Task goal: Scan the records below and copy every line that contains the string "Flower".

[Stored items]
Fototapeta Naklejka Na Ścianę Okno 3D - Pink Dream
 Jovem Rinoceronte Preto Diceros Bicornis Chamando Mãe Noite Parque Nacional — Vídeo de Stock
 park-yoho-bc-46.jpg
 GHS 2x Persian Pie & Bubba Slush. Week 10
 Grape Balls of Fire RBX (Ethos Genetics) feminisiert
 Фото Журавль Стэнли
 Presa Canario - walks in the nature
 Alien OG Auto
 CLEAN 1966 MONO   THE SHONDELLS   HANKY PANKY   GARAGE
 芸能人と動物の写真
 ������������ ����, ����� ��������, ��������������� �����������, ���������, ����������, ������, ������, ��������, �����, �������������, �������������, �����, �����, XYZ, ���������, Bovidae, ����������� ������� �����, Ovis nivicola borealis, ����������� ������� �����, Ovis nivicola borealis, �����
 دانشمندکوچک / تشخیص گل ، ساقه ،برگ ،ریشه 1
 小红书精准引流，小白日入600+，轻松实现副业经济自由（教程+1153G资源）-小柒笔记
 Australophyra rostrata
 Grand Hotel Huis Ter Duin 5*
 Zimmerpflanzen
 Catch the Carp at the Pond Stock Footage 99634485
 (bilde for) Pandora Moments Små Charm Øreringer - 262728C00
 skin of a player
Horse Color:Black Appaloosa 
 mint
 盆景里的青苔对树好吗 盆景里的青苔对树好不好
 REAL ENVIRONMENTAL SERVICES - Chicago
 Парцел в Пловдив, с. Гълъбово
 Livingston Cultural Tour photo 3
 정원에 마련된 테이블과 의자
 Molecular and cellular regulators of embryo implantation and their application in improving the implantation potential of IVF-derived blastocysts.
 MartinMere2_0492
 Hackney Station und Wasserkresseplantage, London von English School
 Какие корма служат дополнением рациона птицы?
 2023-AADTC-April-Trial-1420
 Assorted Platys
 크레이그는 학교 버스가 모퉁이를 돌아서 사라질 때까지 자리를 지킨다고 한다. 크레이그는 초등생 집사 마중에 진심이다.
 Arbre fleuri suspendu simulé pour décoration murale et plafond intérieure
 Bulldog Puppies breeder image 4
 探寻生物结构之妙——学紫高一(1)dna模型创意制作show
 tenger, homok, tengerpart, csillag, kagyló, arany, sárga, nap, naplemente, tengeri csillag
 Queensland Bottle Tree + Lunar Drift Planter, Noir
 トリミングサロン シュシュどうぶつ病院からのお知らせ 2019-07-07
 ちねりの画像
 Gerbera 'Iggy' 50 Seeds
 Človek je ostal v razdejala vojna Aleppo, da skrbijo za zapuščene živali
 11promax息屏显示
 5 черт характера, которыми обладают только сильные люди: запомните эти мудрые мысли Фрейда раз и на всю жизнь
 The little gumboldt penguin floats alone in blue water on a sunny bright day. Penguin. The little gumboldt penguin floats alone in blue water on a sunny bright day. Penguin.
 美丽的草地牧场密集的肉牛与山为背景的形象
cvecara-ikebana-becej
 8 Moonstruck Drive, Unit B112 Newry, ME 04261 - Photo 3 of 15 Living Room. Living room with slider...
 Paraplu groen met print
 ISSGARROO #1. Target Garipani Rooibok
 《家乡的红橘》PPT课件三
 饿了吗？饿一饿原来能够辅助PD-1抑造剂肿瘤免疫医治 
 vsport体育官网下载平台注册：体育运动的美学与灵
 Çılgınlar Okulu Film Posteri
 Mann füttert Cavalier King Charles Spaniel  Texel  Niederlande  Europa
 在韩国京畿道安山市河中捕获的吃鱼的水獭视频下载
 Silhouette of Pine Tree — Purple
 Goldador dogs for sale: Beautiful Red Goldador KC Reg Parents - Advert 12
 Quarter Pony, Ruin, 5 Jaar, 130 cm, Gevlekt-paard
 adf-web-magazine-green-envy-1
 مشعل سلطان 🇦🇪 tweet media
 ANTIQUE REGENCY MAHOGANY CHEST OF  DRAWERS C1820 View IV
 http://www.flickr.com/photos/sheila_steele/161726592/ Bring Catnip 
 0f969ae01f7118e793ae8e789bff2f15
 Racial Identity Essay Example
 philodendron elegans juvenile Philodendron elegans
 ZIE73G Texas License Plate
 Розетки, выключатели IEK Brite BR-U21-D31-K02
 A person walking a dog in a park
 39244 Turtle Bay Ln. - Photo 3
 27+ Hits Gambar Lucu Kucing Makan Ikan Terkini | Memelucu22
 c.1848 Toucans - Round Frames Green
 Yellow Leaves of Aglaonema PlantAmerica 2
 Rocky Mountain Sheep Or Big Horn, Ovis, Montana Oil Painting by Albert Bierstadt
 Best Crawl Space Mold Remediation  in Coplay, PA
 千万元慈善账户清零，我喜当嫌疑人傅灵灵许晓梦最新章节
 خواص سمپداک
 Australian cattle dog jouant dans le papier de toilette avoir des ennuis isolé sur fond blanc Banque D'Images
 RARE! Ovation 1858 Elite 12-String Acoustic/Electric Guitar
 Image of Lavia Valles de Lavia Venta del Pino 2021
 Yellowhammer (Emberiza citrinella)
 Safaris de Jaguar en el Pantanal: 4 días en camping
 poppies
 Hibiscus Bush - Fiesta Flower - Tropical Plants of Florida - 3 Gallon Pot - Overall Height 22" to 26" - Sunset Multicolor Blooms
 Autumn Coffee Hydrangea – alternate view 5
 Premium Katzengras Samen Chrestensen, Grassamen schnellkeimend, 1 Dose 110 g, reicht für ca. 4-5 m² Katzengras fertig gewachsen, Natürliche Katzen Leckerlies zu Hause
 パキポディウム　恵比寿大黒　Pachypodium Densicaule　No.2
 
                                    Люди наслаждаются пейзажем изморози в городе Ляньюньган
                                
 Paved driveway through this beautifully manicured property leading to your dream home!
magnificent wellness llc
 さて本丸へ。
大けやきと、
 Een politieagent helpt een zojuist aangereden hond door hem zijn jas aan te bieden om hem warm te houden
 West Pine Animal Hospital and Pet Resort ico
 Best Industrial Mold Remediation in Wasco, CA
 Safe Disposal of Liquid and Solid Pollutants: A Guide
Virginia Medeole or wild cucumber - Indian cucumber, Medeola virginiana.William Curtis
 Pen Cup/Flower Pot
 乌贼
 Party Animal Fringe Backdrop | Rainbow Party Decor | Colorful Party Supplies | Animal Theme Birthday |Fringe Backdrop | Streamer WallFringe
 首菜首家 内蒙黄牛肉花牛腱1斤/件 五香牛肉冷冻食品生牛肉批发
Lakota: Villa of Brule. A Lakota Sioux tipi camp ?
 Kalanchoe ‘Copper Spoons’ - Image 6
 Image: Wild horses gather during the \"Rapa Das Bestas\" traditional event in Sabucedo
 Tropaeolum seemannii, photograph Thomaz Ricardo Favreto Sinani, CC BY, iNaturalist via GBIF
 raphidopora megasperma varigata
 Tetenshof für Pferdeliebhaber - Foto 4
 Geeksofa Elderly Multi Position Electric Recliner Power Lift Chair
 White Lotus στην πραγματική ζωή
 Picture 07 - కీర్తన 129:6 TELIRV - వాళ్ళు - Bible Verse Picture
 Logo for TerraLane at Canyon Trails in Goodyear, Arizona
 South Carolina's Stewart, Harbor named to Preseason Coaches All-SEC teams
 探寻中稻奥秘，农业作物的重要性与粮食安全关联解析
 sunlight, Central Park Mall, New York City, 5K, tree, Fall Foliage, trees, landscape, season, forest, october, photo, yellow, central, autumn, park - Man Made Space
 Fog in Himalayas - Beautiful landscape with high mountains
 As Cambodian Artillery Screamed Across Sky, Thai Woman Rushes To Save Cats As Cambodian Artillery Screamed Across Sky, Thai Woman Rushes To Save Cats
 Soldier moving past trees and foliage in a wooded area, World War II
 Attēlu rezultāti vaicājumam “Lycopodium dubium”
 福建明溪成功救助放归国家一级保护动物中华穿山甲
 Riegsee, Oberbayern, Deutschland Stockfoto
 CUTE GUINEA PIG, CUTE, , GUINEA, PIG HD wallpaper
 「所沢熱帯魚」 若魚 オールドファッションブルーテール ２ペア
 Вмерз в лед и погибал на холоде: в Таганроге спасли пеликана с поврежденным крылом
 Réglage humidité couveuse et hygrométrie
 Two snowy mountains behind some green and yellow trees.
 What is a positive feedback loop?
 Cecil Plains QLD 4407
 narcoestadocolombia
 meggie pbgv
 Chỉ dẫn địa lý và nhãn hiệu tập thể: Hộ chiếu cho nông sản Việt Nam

Output:
 Hibiscus Bush - Fiesta Flower - Tropical Plants of Florida - 3 Gallon Pot - Overall Height 22" to 26" - Sunset Multicolor Blooms
 Pen Cup/Flower Pot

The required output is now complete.